Po zakończeniu zwykłego sezonu trzecia najsłabsza drużyna elity i trzecia najlepsza drużyna zaplecza rywalizują ze sobą w dwumeczu, po którym jedna z nich zostaje w najwyższej lidze. W obecnych okolicznościach nie można wykluczać barażu już w lipcu, a więc po przekroczeniu terminu 30 czerwca, w którym wygasają niektóre kontrakty. Nie wiadomo także, jak potoczą się sprawy z analogicznym barażem pomiędzy 2. Bundesligą a 3. ligą, ponieważ trzeci szczebel jest zarządzany przez Niemiecki ZPN (DFB) i nie wiadomo, kiedy (i czy) wróci.

Kwestia sędziowska

To także DFB będzie odpowiadać za sędziów. Już od jakiegoś czasu wiadomo, że arbitrzy – aby uniknąć dłuższych podróżny – będą mogli sędziować spotkania w swoich landach, co do tej pory nie było możliwe. Nie będą jednak mogli prowadzić meczów w swoim mieście.

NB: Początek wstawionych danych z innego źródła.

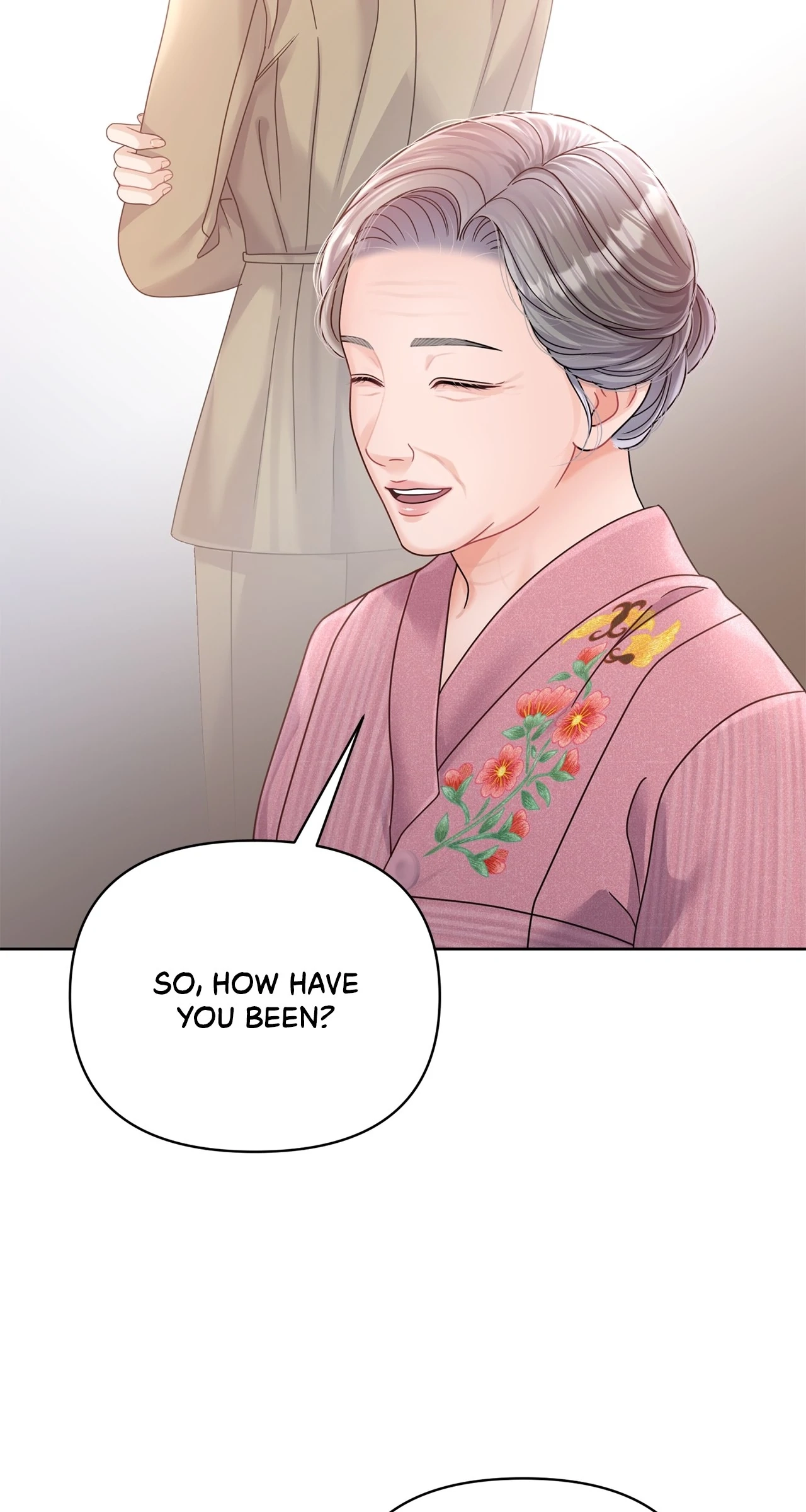 Read Sexy Noona chapter 27 image 18 on Lezhin
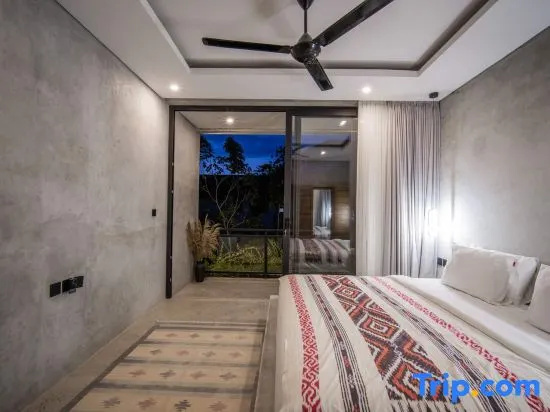 Nerima Villa 2BR Tropical Retreat Balangan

Od poniedziałku do środy sędziowie będą testowani pod kątem obecności koronawirusa w wyznaczonych przez DFB klubach 1. i 2. Bundesligi, do których mają najbliżej. Wyniki będą pojawiać się od wtorku do czwartku, co pozwoli szefowi komisji sędziowskiej, Lutzowi-Michaelowi Froehlichowi, na ewentualną korektę obsady przyszłoweekendowych spotkań, którą to ogłosi w najbliższą niedzielę.

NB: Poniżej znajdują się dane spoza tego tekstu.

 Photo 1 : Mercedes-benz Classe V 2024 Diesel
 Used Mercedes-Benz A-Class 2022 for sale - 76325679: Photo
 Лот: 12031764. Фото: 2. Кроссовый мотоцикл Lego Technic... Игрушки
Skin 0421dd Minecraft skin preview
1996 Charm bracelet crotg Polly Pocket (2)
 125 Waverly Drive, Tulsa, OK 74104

Do 1. Bundesligi jest przeznaczonych 26 sędziów głównych, do 2. Bundesligi 22. Do tego dochodzi ok. 100 asystentów. Planowanie obsady zakłada również zapewnienie ewentualnego zastępstwa, gdyby u któregoś arbitra wykryto wirusa. Każdy z nich będzie jeszcze badany z rana na dzień przed prowadzonym meczem, aby mieć pewność co do jego stanu zdrowia. DFB nie wyklucza sytuacji, w której arbiter drugoligowy dostanie przyspieszony „awans” do pierwszej ligi.

Maseczka w dół

Specjalne warunki bezpieczeństwa będą także wprowadzone w siedzibie VAR-u w Kolonii (Niemcy wszystko sprawdzają z jednego miejsca, nie mają wozów VAR). Obecnych tam arbitrów wideo będzie mniej, a wszyscy będą oddzieleni pleksami. DFB będzie mógł tam skorzystać m.in. z trzech kontuzjowanych sędziów, którzy po boisku co prawda nie mogą biegać, ale siedzieć na krześle już jak najbardziej.

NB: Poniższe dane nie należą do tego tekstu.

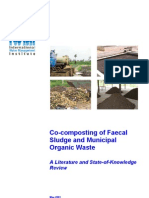 Book of Co-Composting of Faecal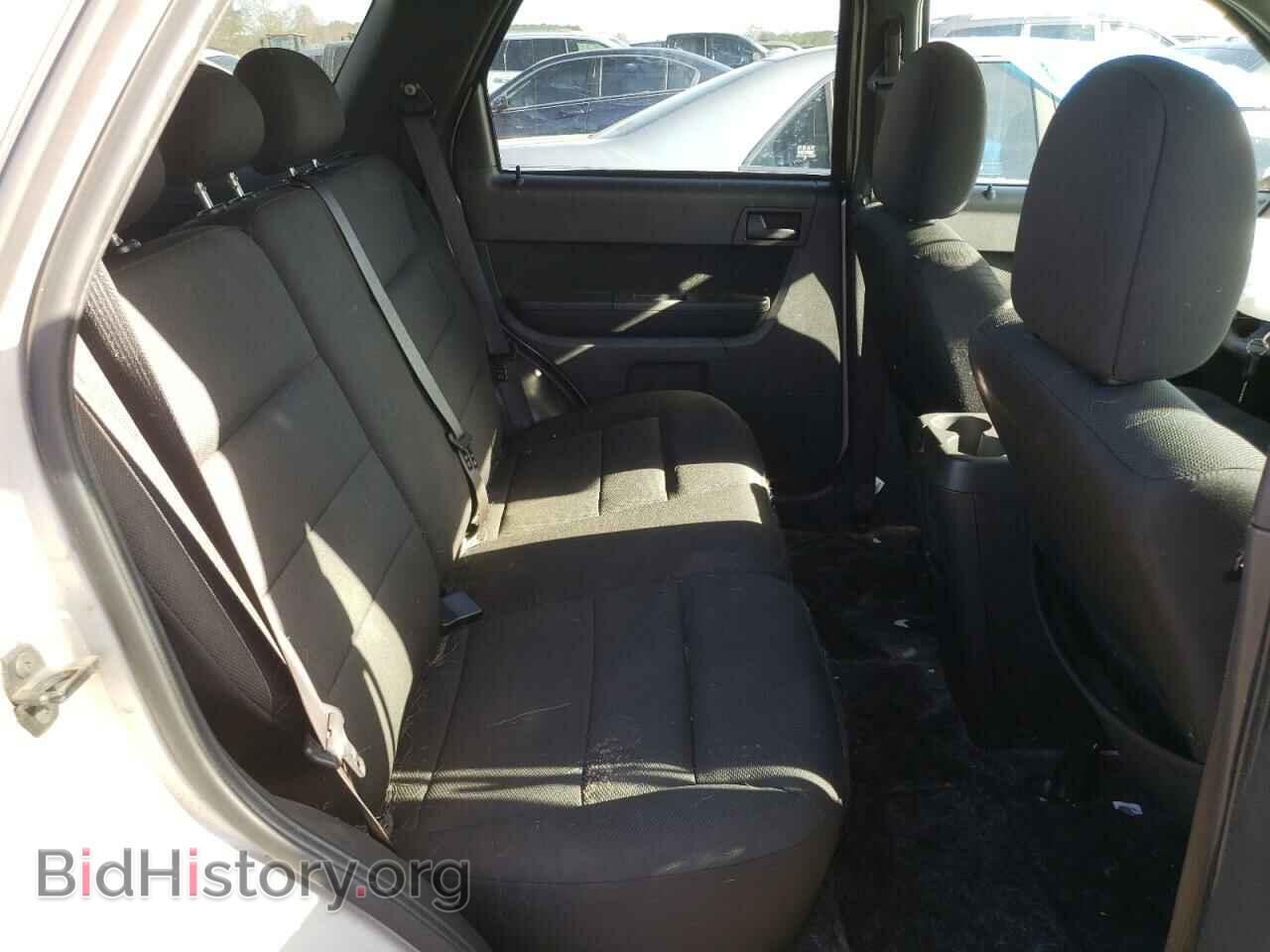 2009 FORD ESCAPE - VIN: 1FMCU93G69KC19489 - Фото 6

Trójka sędziowska prowadząca spotkanie nie będzie musiała biegać w maseczkach, ale arbiter techniczny już tak. Wszyscy będą mogli przebierać się w jednej szatni, ale z zachowaniem warunków bezpieczeństwa. Ludzie obecni na ławkach rezerwowych także będą musieli zasłaniać usta i nos, choć trenerzy będą mogli zsunąć maseczkę, aby… wykrzyczeć komendy do swoich zawodników.

Będą musieli jednak zachować co najmniej 1,5 metra odstępu. Piłkarze rezerwowi również będą musieli się zasłaniać, chyba że kluby zamontują na ławkach specjalne pleksy lub szyby. Na niektórych stadionach rozważa się także wykorzystanie pustych trybun, aby między sztabem i rezerwowymi były zachowane odpowiednie odległości, a żeby ławka rezerwowych nie rozciągała się na całą długość boiska…


Na zdjęciu: Niemcy nie zapomnieli o tym, aby zapewnić odpowiednie warunki arbitrom.